• **Assignment**: Quote the entries word for word. Omit the pictures.

BEGIN

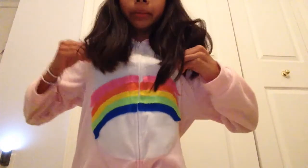Just so you guys know, yes, I am wearing a Care Bear onesie. I made this for Halloween, so enjoy. Let's get on to the video.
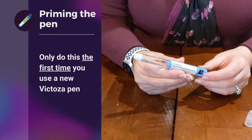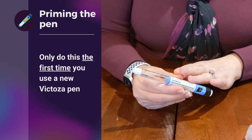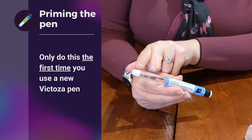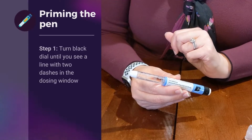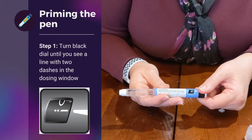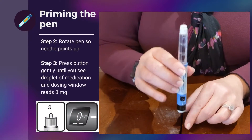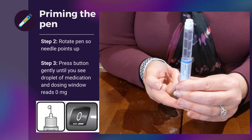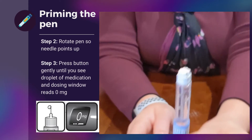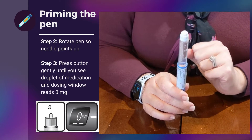The Victoza pen requires priming the very first time you use the pen. This is different from insulin pens — it only needs to be primed the very first time you use it, even though you'll be using a new needle for every single injection each day. To prime it, look at the dosing window and take this black portion and turn it until you get to the line with two small dashes. Once you're there, point the pen up so the needle is facing up and press. Hopefully you'll see a drop of Victoza come out — that tells you the pen is properly connected and primed, and you're ready to give your first dose.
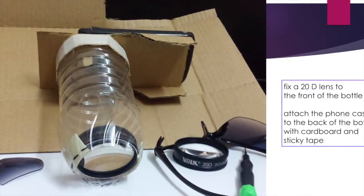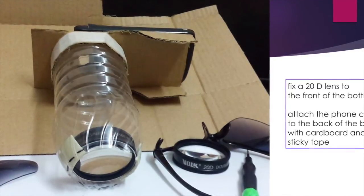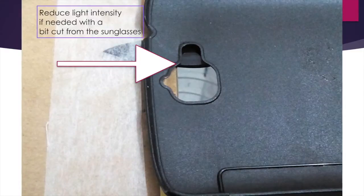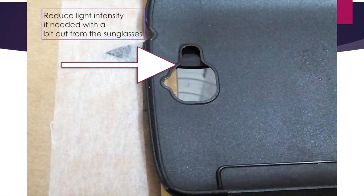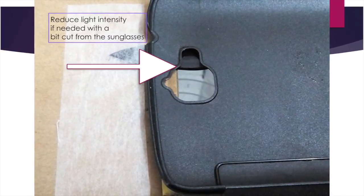In the back of the same bottle you can fix the cardboard piece and attach the smartphone case to the opposite side of the cardboard piece. You can reduce the intensity of the light if you need to do that with a bit cut from a pair of sunglasses.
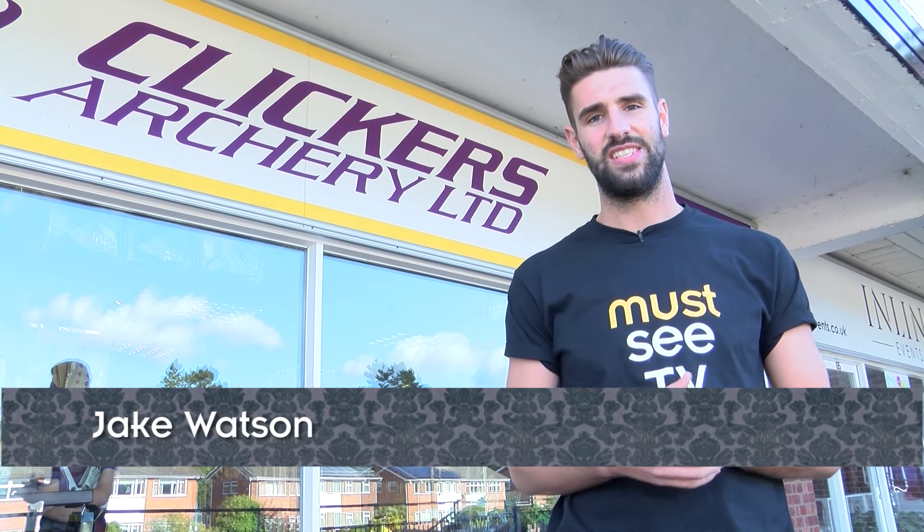We've all heard or perhaps seen archery before, but this coming weekend in Norwich there's going to be an archery competition that the world has never seen before. We've come down to Clicker's Archery Store in Norwich to hear all about this event.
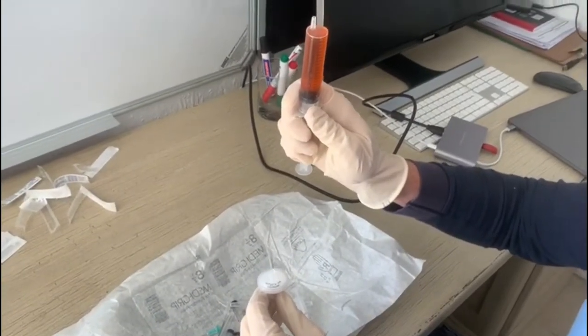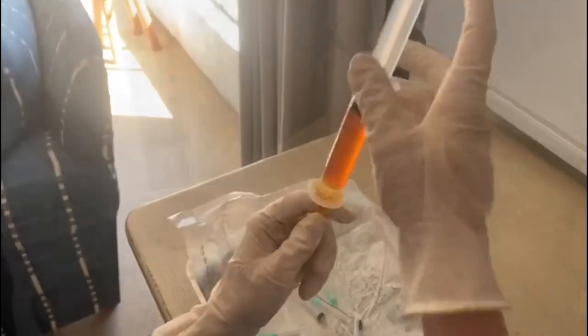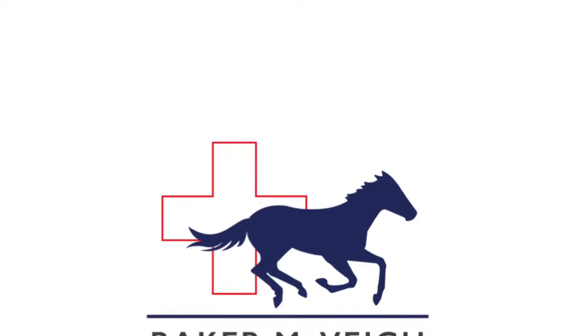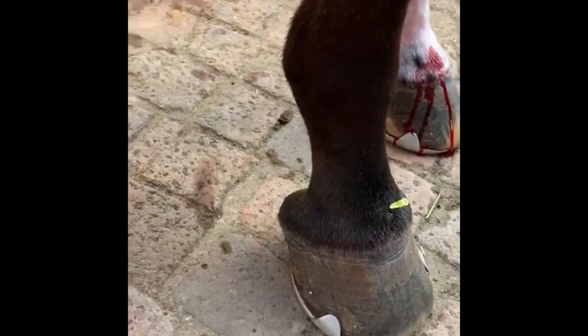On average, we harvest between 10 and 12 two-milliliter doses per horse. The IRAP syringes are then stored in a freezer and are now ready for injection. Once stored, frozen IRAP doses can be thawed prior to use.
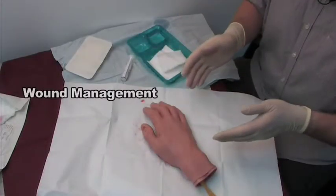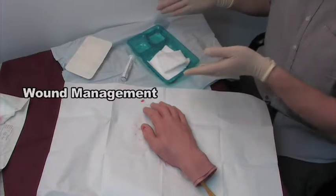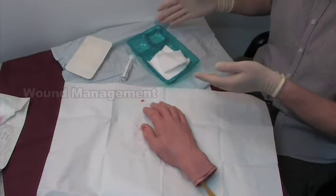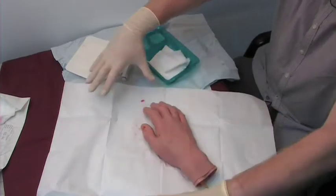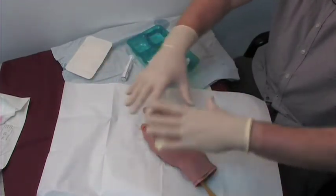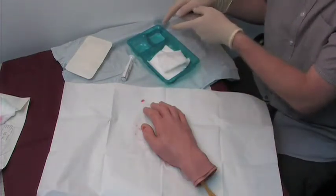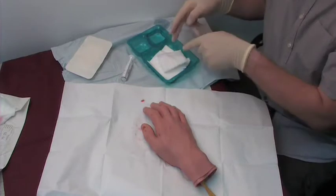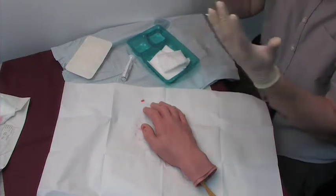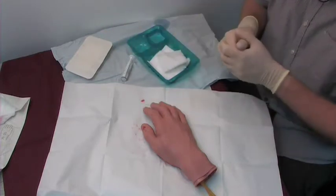So we're just going to demonstrate wound management. We have our dressing pack which has been opened up using the sterile technique which was demonstrated before. Opened up, we've got a drape — the patient's hand is placed over it. This is my sterile field. I've got my cleaning solution which is normal saline, my gauze swabs from the dressing pack, wearing my sterile gloves, and I have my dressing to be applied afterwards.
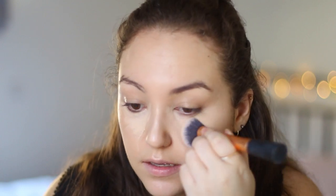For concealer I'm using the Collection 2000 Concealer in the shade Affair. I'm taking a brush — this one is an expert face brush by Real Techniques — and I'm just going to dab that to blend the concealer. You don't want to swipe because then you'll end up moving the product and the foundation underneath. It's quite a dense brush so I feel like it's a really good brush.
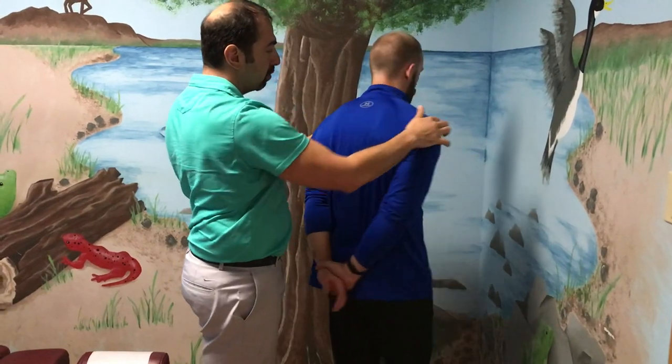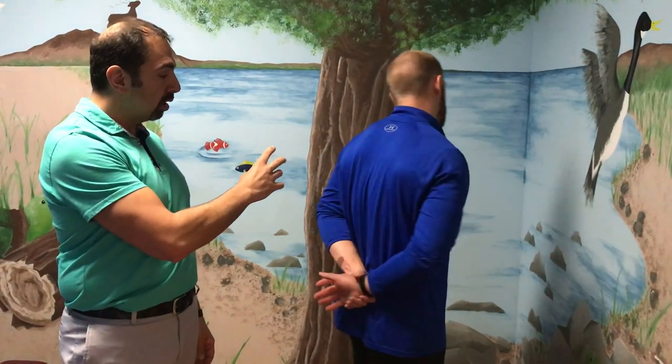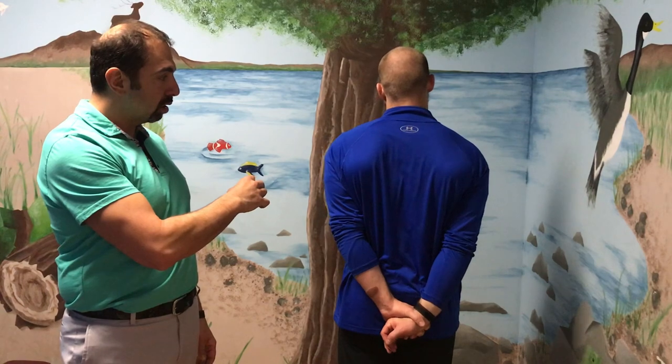Now he's gonna turn around and face the camera. With the anchor in place, you're just gonna lean the head over. Here he's starting by leaning over to the right — he's gonna hold that 10 to 15 seconds and do that three times, relaxing between each set. Then he's gonna go to the other side, hold that 10 to 15 seconds, and do it three times on each side.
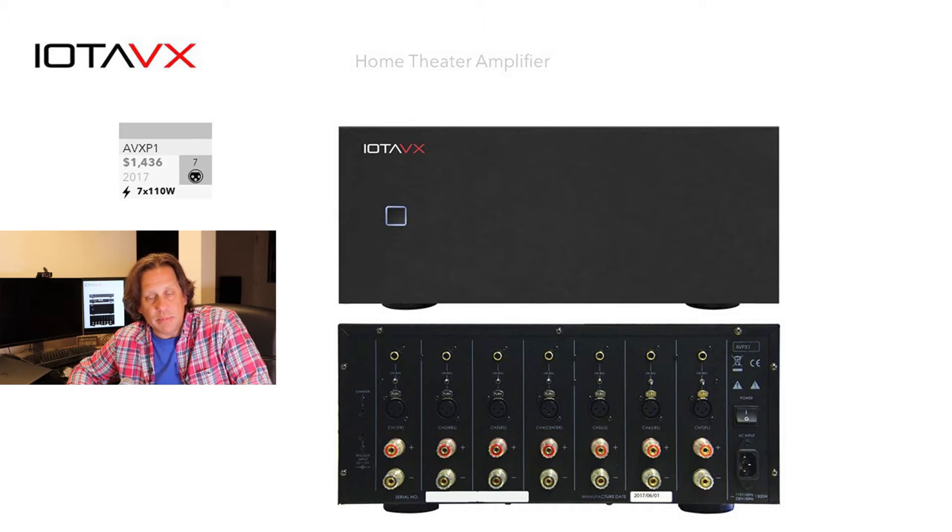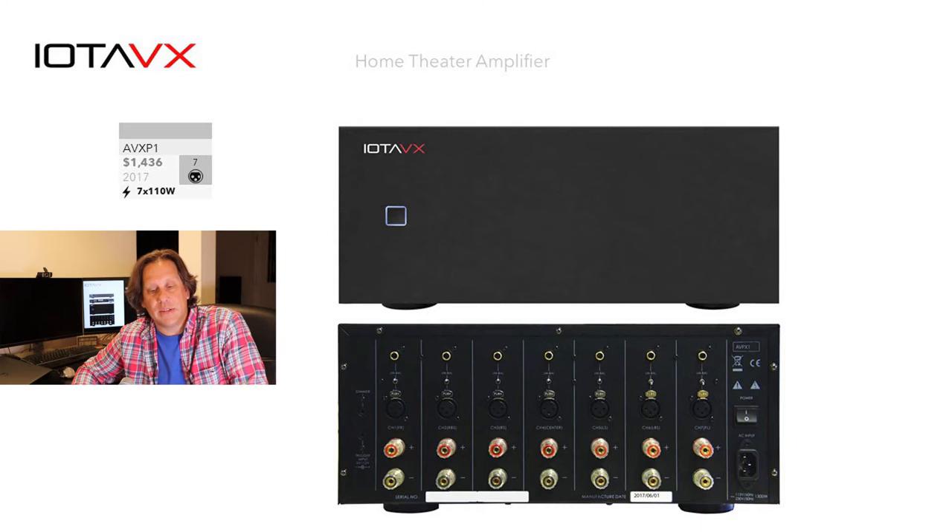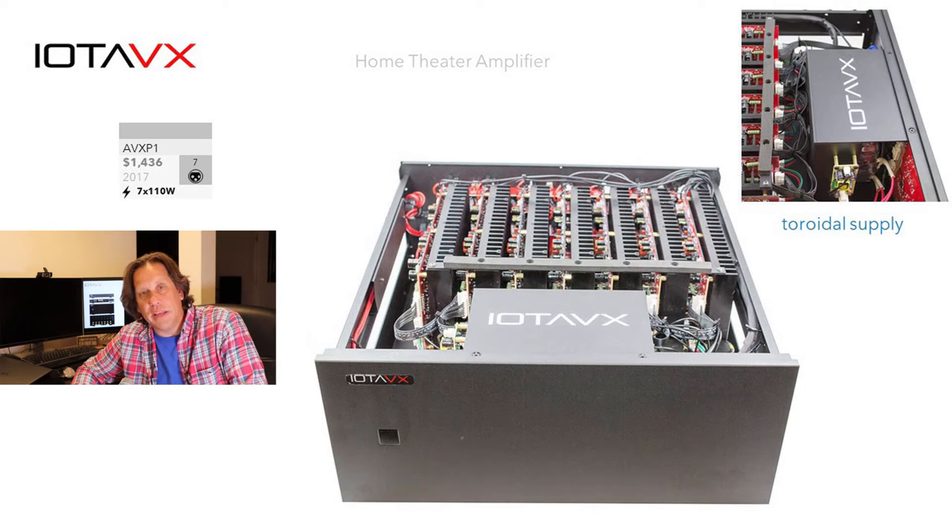This seven-channel unit outputs 110 watts, which we'll explain further — this is probably on the more conservative side of measurements. It sells for $1,436 and is known as the AVX P1. Looking inside, we see a modular array similar to Tone Winner and Emotiva. A side view reveals it uses a toroidal power supply, not a switch mode power supply as we're starting to see introduced in Tone Winner and Emotiva with their Gen 3 amplifiers.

END

• **Completed task**:
Just so you guys know, yes, I am wearing a Care Bear onesie. I made this for Halloween, so enjoy. Let's get on to the video.
The Victoza pen requires priming the very first time you use the pen. This is different from insulin pens — it only needs to be primed the very first time you use it, even though you'll be using a new needle for every single injection each day. To prime it, look at the dosing window and take this black portion and turn it until you get to the line with two small dashes. Once you're there, point the pen up so the needle is facing up and press. Hopefully you'll see a drop of Victoza come out — that tells you the pen is properly connected and primed, and you're ready to give your first dose.
In the back of the same bottle you can fix the cardboard piece and attach the smartphone case to the opposite side of the cardboard piece. You can reduce the intensity of the light if you need to do that with a bit cut from a pair of sunglasses.
We've all heard or perhaps seen archery before, but this coming weekend in Norwich there's going to be an archery competition that the world has never seen before. We've come down to Clicker's Archery Store in Norwich to hear all about this event.
On average, we harvest between 10 and 12 two-milliliter doses per horse. The IRAP syringes are then stored in a freezer and are now ready for injection. Once stored, frozen IRAP doses can be thawed prior to use.
So we're just going to demonstrate wound management. We have our dressing pack which has been opened up using the sterile technique which was demonstrated before. Opened up, we've got a drape — the patient's hand is placed over it. This is my sterile field. I've got my cleaning solution which is normal saline, my gauze swabs from the dressing pack, wearing my sterile gloves, and I have my dressing to be applied afterwards.
For concealer I'm using the Collection 2000 Concealer in the shade Affair. I'm taking a brush — this one is an expert face brush by Real Techniques — and I'm just going to dab that to blend the concealer. You don't want to swipe because then you'll end up moving the product and the foundation underneath. It's quite a dense brush so I feel like it's a really good brush.
Now he's gonna turn around and face the camera. With the anchor in place, you're just gonna lean the head over. Here he's starting by leaning over to the right — he's gonna hold that 10 to 15 seconds and do that three times, relaxing between each set. Then he's gonna go to the other side, hold that 10 to 15 seconds, and do it three times on each side.
This seven-channel unit outputs 110 watts, which we'll explain further — this is probably on the more conservative side of measurements. It sells for $1,436 and is known as the AVX P1. Looking inside, we see a modular array similar to Tone Winner and Emotiva. A side view reveals it uses a toroidal power supply, not a switch mode power supply as we're starting to see introduced in Tone Winner and Emotiva with their Gen 3 amplifiers.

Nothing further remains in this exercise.